O trecho é de "Amigos de Belém", faixa pouco lembrada do recifense Gino Liver, integrando o mesmo disco do sucesso Plenitude (2002). A letra é uma boa síntese da relação de Pernambuco com o Pará quando o assunto é música brega.

Desde que a música "cafona" nacional (difundida por nomes como Odair José e Waldick Soriano) ganhou contornos regionais, esses foram os dois estados que mais assistiram ao desenvolvimento de potentes cenas locais de brega, cada uma com suas estéticas e características.

Não é à toa que, assim como ocorreu no Recife, o brega foi considerado um Patrimônio Cultural Imaterial do Pará pela Assembleia Legislativa do Estado. Mas, afinal, como os bregas de Pernambuco e do Pará se assemelham? Ou se distanciam? Ao longo das décadas, foram diversos os diálogos, diretos e indiretos, dessas cenas musicais, ocasionando até mesmo alguns casos de rixas, como cita a música de Liver.

Origens

De início, já é possível apontar para semelhanças nas origens do brega nos dois Estados: a relação com o cancioneiro da jovem guarda e da música cafona.

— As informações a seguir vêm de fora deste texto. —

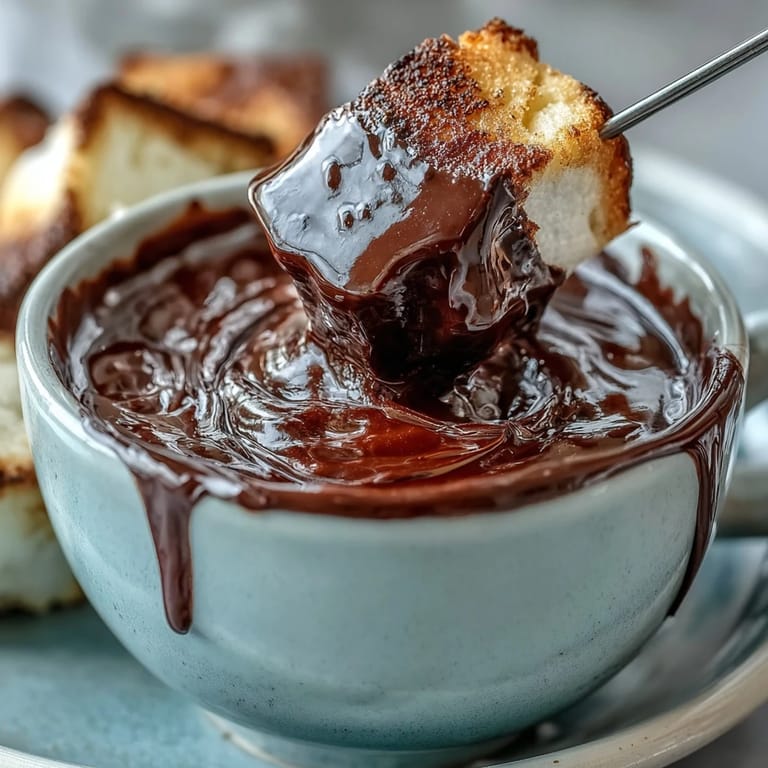 A close-up of Boozy Chocolate Fondue with strawberry and pretzel dippers on a rustic board.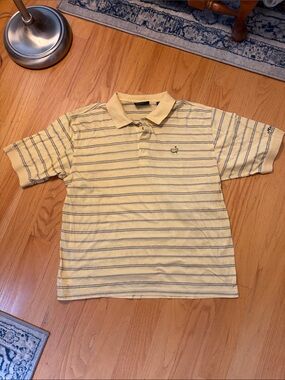 Masters collection yellow striped masters golf polo size large vintage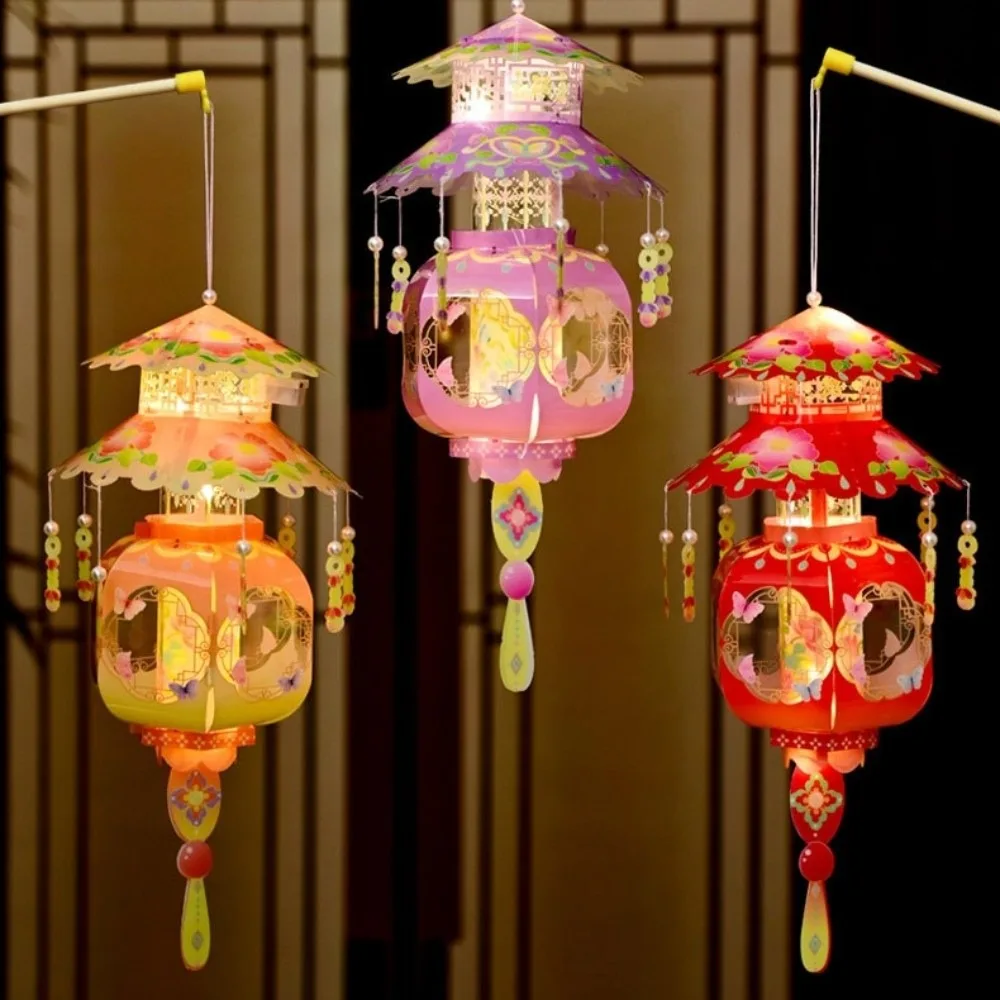 Pagoda Mid-Autumn Festival Lantern PVC Glowing Handheld Lantern Removable Lightweight DIY Craft Material Kit Party Decoration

"Isso tem a ver com circulação da música no Brasil através de meios como o rádio e a TV. E aí nesse caldo não entram apenas a jovem guarda e tal música cafona como também elementos musicais vindos de países caribenhos e latinos como bolero, bachata, cumbia e merengue", diz Rafael Azevedo, autor do livro "O Brega Paraense em Deriva: Emaranhados espaço-temporais da tradição".

"Diversos pesquisadores apontam como, inclusive, o samba-canção, aquele de dor-de-cotovelo, teve papel primordial na formação do que veio a ser chamado de brega."

Nesse processo de construção estética, no entanto, um fator contribuiu para o aparecimento de diferenças. Conforme explica Azevedo, o brega paraense teve um acesso precoce às matrizes musicais presentes em países caribenhos e francófonos, como a Guiana Francesa, a Venezuela, o Haiti e a Dominica. "Gêneros como compás, calipso, cumbia e merengue participaram da paisagem sonora musical do Pará de uma forma que eu não creio ter ocorrido em Pernambuco", diz.

Essa influência ocorria pela sintonia, em cidades paraenses, de estação radiofônicas dos países citados através das ondas tropicais. Além disso, a cidade de Belém era porto de chegada de embarcações que vinham de regiões caribenhas, trazendo LPs, fitas K7 e mais produtos do que era produzido por lá.

Pernambuco, por sua vez, passou mais tempo ligado ao romantismo derivado da Jovem Guarda e da seresta. Tanto é que o grande ícone do brega no Estado é Reginaldo Rossi, que nasceu como uma versão regional de Roberto Carlos e vendeu muitos discos pelo país já na década de 1980.

Diálogos

De acordo com Thiago Soares, autor do livro "Ninguém é Perfeito e a Vida é Assim: A Música Brega em Pernambuco", o brega pernambucano passou a se hibridizar mais com estéticas latinas por volta dos anos 1990.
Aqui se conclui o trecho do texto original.